Saraswati Yadav, Anjalee's paternal grandmother with the radio.
Saraswati Yadav, Anjalee’s paternal grandmother with the radio.

This radio now, sits amidst the dust in what our household calls a bukhari, which translates to a small storage space located right under the ceiling or sometimes – underground; paid attention only during the Diwali cleaning spree. I have lost count of the number of Diwalis I have seen this radio being taken out of the bukhari, dusted and offered back in the care of spider webs.

Every year before the festival, I climb up to clean the bukhari and I see this radio; and like every other year, I carefully hold it while gasping in fear of falling lizards and spiders. And then, I know the drill—dust it, wipe it, and finally plug it in. My mother laughs at this unannounced ritual which has formed over the years. What follows next is a very risky terrain of potholes filled with hope and hopelessness. A frail hope – yet a hope, that this year unlike others, it will start tuning. On the other hand, a hopelessness which whispers the condition of radio in negative but harbours you to the hope, oiling your expectations. I pack it carefully with optimism and love, wishing that the dust and spider webs play their magic on the radio which is now nothing more than a brown rectangle wooden box. Each year, I see the faded model number – fading, weak wires – weakening, and scratches – increasing here and there. Yet, it is brand new every year.

My grandfather fondly remembers the day he bought it in the house. Teasing my grandmother who stands beside him under the veil, he says, “I did not tune it even once. It was your dadi who used to listen to Dilip and Rajendra Kumar’s songs all day long.”  She smirks and dismisses it as a lie.

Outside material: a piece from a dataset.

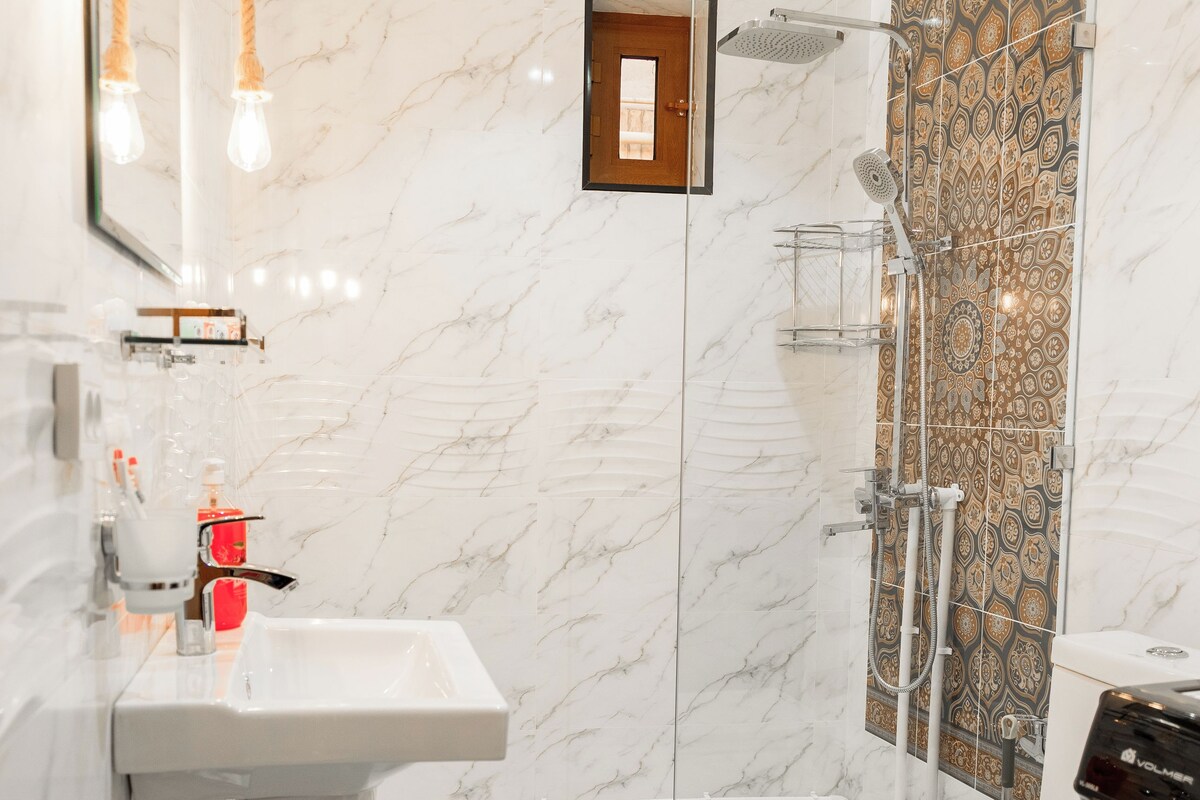 Et moderne badeværelse med klinkegulv af marmor, en hvid vask, en glasbrusekabine og et toilet.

I speak to her later that day, while she stitches fall to her sari – which even at this age with poor eyesight, she does with her own hands – away from the clumsiness of tailors’ sewing machines. While neatly running thread along the fabric, she knits stories to my heart about coming to this house as a child bride, toiling through the household chores and humming songs of the then-super hit movies, Pakeezah, Chupke Chupke and Noorie to name a few. Every month, she went to watch cinema with her sisters in Ajmer, an adjoining city to where we live and later discussed the movie at lengths for a week.

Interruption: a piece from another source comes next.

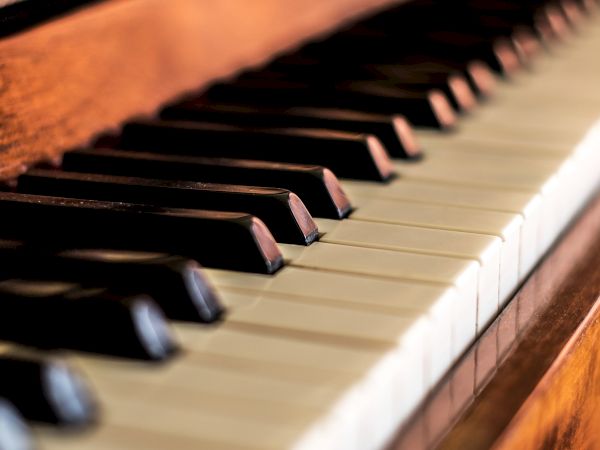 A close-up of piano keys with warm wooden frame, showing black and white keys stretching into the distance.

Anjalee Yadav’s grandparents at the Taj Mahal in the 1980s.

My grandparents still fight over the corner in which the radio was kept in our old house. My grandfather says it was the taaq (a shelf built into the wall) while my grandmother believes it was outside the kitchen. I continuously asked him why he bought the radio worth so much money if he himself never listened to it. He smiled and turned his head away to feed dry chapatis to the stray dogs. My grandmother has a weakness for cinema and music. She now listens to FM every morning, starting with bhajans, followed by afternoons fading into balmy 90s nostalgia.

“Don’t you feel like listening to songs on the radio?”, I ask her. She adjusts her veil saying, “Hmm. We should get it repaired next year” and falls silent. Even our hearts know that there’ll be no tunes playing on that radio, not next year and not the year after that.